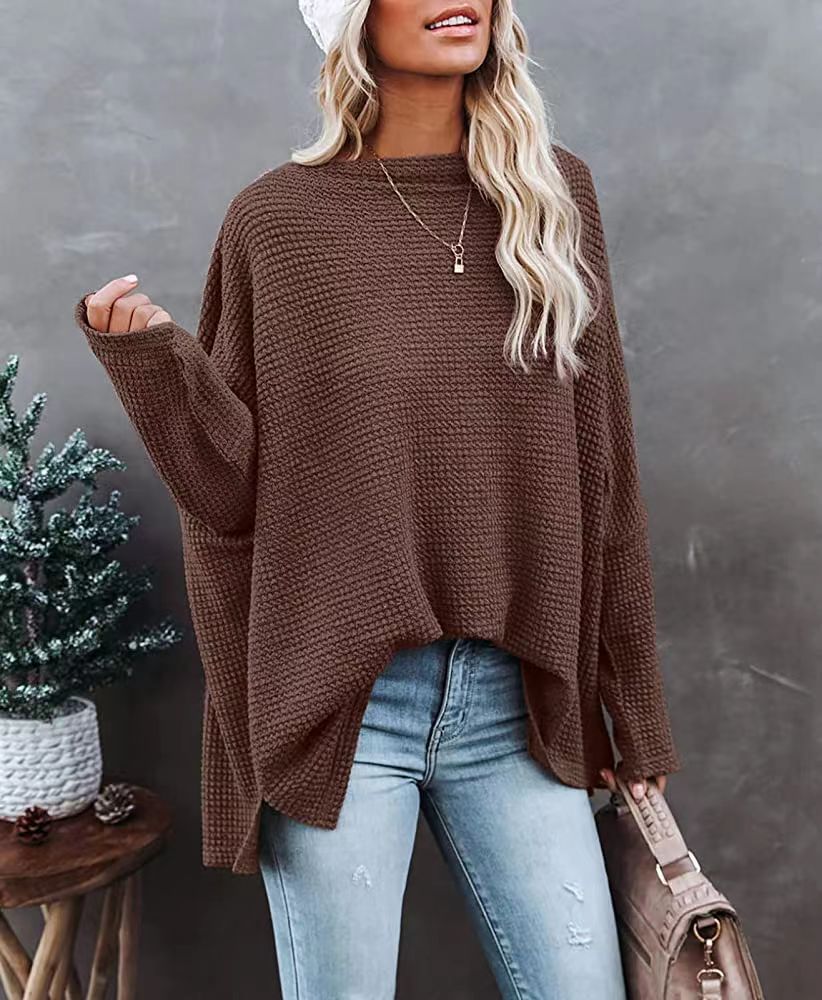 Damen lässiger Off-Shoulder Pullover im Strukturdesign R&B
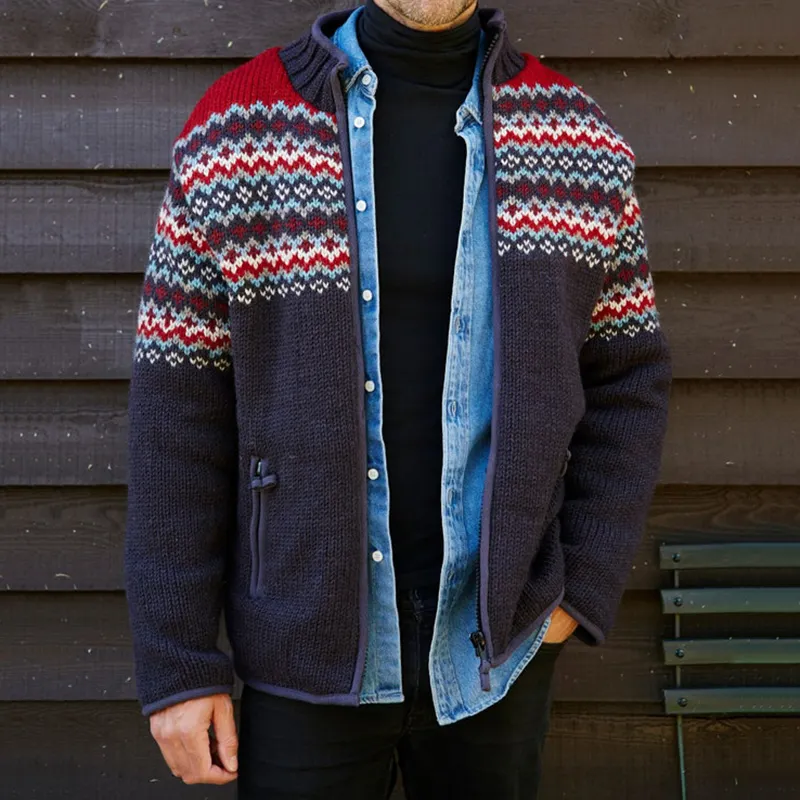 Mens Vintage Fair Isle Knitted Cardigan Sweater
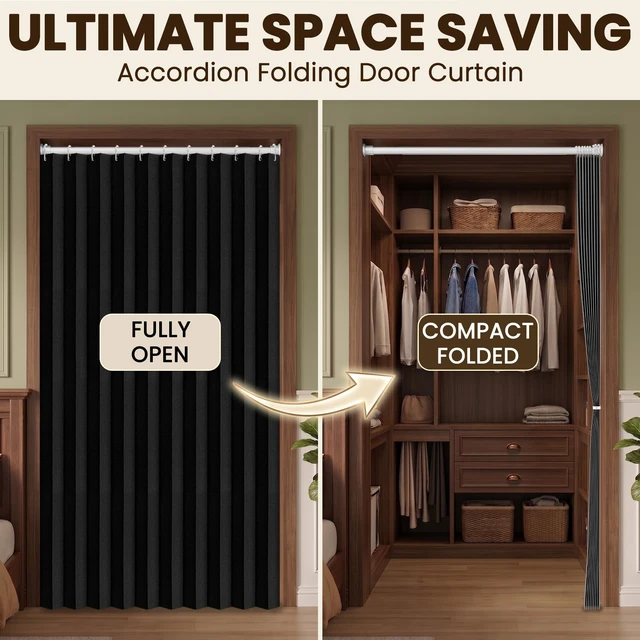 Alt view image 5 of 7 - Blackout Magnetic Door Curtain Accordion Doors Interior Closet Door Curtain Invisible Applicable Bedroom Room Living Room Doorway (Black 42" W x 78" L) 1 Panel
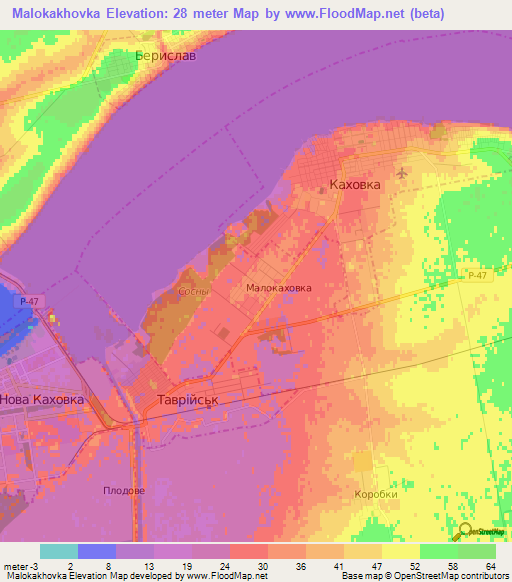 Malokakhovka,Ukraine Elevation Map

REQUIREMENT: Restate word for word, and only, the lines from the line that contains "Mens Vintage Fair" through the end of the data, both included; pictures are not part of the copy.

SOLVED EXERCISE:
 Mens Vintage Fair Isle Knitted Cardigan Sweater
 Alt view image 5 of 7 - Blackout Magnetic Door Curtain Accordion Doors Interior Closet Door Curtain Invisible Applicable Bedroom Room Living Room Doorway (Black 42" W x 78" L) 1 Panel
 Malokakhovka,Ukraine Elevation Map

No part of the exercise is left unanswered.